Crawled caption data.
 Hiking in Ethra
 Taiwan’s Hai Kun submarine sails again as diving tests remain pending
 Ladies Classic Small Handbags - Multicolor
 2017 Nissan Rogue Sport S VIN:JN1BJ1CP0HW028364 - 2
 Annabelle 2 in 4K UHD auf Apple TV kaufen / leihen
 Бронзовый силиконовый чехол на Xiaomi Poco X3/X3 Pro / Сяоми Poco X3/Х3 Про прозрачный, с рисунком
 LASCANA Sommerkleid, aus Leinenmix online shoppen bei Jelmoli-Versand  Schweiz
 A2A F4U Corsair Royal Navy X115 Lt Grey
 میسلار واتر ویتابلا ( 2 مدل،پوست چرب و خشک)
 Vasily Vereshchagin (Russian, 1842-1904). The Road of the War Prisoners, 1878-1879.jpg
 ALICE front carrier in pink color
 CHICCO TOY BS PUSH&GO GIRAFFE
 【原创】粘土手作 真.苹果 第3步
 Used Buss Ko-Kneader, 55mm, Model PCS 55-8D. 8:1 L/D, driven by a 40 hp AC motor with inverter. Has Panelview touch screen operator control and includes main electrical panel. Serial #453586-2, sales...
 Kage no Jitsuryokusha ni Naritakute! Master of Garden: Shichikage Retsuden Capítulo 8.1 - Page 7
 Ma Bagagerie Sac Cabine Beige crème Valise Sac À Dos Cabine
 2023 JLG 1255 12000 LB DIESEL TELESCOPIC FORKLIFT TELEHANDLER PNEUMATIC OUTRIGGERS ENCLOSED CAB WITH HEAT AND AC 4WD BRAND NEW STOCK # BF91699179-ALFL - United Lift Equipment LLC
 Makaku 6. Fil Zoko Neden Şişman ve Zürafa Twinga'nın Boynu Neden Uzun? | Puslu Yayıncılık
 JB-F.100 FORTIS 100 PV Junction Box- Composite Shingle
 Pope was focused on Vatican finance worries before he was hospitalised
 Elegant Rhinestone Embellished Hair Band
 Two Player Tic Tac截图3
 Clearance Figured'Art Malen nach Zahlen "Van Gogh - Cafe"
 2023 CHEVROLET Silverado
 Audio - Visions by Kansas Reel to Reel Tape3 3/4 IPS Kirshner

Task goal. Exactly the lines from the one containing "Pope was focused" to the final line of the entries must be restated, and no others.

Response area.
 Pope was focused on Vatican finance worries before he was hospitalised
 Elegant Rhinestone Embellished Hair Band
 Two Player Tic Tac截图3
 Clearance Figured'Art Malen nach Zahlen "Van Gogh - Cafe"
 2023 CHEVROLET Silverado
 Audio - Visions by Kansas Reel to Reel Tape3 3/4 IPS Kirshner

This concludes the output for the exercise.